Mini-camp was indeed awesome, and so was Luke (just add Bayes)

Yep, I’m saying that without hard data. But I was there. So let me say it again, in response to numerous comments I’ve seen complaining that no judgement should be passed until a quantitative analysis confirms it:

Mini-camp was awesome. Note that mini-camp was far from the first time I’ve travelled to an event to surround myself with like-minded peers working toward common goals… I find such events events extremely motivating and enjoyable, which is why I’ve been to many such workshops, inside and outside academia (~3 per year for the past 10 years).

Yet mini-camp is still topping my charts. Specifically, the camp is tied for the title of the most life-altering workshop-like event of my life, and the tie is with the workshop that got me onto my PhD topic (graphical causal modelling), so that’s saying something.

In particular, I’ve been visibly-to-myself-and-others more motivated and hard-working since the camp. I’ve had more energy for learning and adaptation, and I find Luke to have been a highly inspiring input to that result.

(I’m talking about Luke because his position is the one being discussed right now, but I got a lot of really inspiring ideas and motivation from Anna before, during, and after the camp as well.)

Hard data will be great to have, but it’s hard to get, especially certifiably causal data (though the prospect is not hopeless, with enough conditional independence tests), especially since the camp was planned and executed on short notice.

In the meantime, let’s do a little Bayes. First, assign priors to how well you expect a week-long sustained interaction between growth-oriented rationalists to go. (If your prior is something like 80%[failure], I’d like to know where you’re getting your growth-oriented rationalists). Now which of the following theories, “failure” or “success”, assigns a higher likelihood to the following observations?


1. People wrote these:


In particular,

“The week I spent in minicamp had by far the highest density of fun and learning I have ever experienced. It’s like taking two years of college and condensing it to a week: you learn just as much and you have just as much fun. The skills I’ve learned will help me set and achieve my own life goal, and the friends I’ve made will help me get there.”—Alexei

“This was an intensely positive experience. This was easily the most powerful change self-modification I’ve ever made, in all of the social, intellectual, and emotional spheres. I’m now a more powerful person than I was a week ago—and I can explain exactly how and why this is true.

At mini-camp, I’ve learned techniques for effective self-modification—that is, I have a much deeper understanding of how to change my desires, gather my willpower, channel my time and cognitive resources, and model and handle previously confusing situations. What’s more, I have a fairly clear map of how to build these skills henceforth, and how to inculcate them in others. And all this was presented in such a way that any sufficiently analytical folk—anyone who has understood a few of the LW sequences, say—can gain in extreme measures.”—Matt Elder /​ Fiddlemath

“I expected a week of interesting things and some useful tools to take away.

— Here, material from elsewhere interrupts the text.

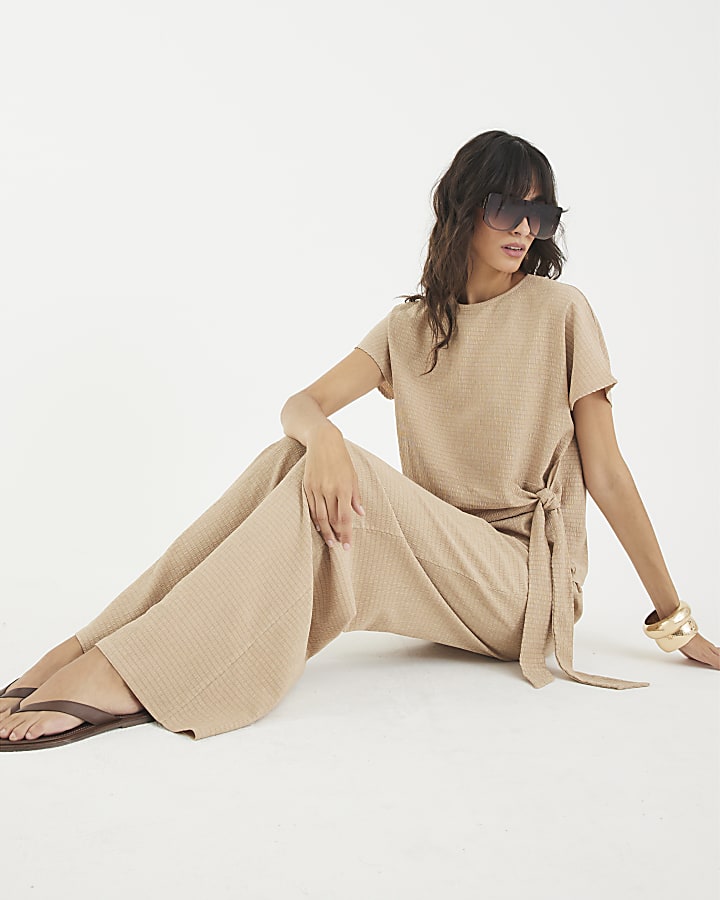 Beige Textured Wide Leg Trousers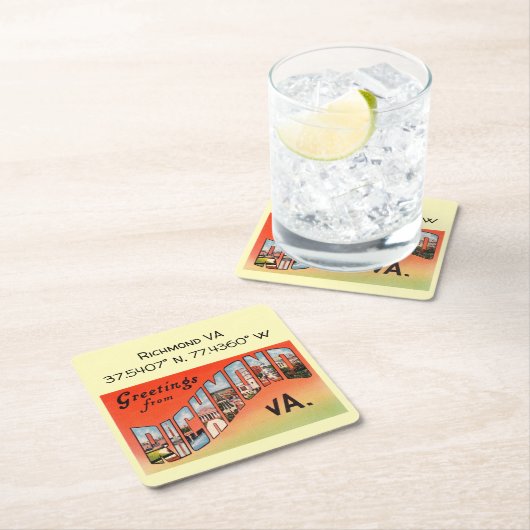 リッチモンドVA、マップ座標、ヴィンテージスタイル スクエアペーパーコースター (インサイチュ)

What I got was 8 days of constant, deep learning, challenges to my limits that helped me grow. I finally grokked that I can and should optimize myself on every dimension I care about, that practice and reinforcement can make me a better thinker, and that I can change very quickly when I’m not constrained by artificial barriers or stress.

I would not recommend doing something like this right before another super-busy week, because I was learning at 100% of capacity and will need a lot of time to unpack all the things I learned and apply them to my life, but I came away with a clear plan for becoming better. It is now a normal and easy thing for me to try things out, test my beliefs, and self-improve. And I’m likely to be much more effective at making the world a better place as well, by prioritizing without fear.

The material was all soundly-researched and effectively taught, with extremely helpful supplemental exercises and activities. The instructors were very helpful in and out of session. The other participants were excited, engaged, challenging, and supportive.

I look forward to sharing what I’ve learned with my local Lesswrong meetup and others in the area. If that’s even 14 as awesome as my time at the Mini-Camp, it will make our lives much better.”—Ben Hoffman /​ Benquo

“I really can’t recommend this camp enough! This workshop broke down a complex and intertwined set of skills labelled in my brain as “common sense” and distinguished each part so that I could work on them separately. Sessions on motivation, cognition, and what habits to build to not fool yourself were particularly helpful. This camp was also the first example that I’ve seen of people taking current cognitive science and other research, decoding it, and showing people what’s been documented to work so that they can use it too. It feels to me now as though the coolest parts of the sequences have been given specific exercises and habits to build off of. This camp, and the people in it, have changed my path for the better.”—David Jones /​ TheDave

2. I wrote this post.

3. Eliezer wants to keep Luke as a permanent hire.

4. Whatever other comments you’ve seen/​heard about the camp from people who attended.


Is this a biased sample? Probably. Is it hard data? Easy to quantify? Not so much. Might this be a big conspiracy by Luke-originating ninja bloggers? Perhaps. But really… which theory assigns the higher likelihood here? Success, or failure?

Lets allow the arguments that can be made about the minicamp be made, rather than ritualistically abstaining from decision-making until numbers show up.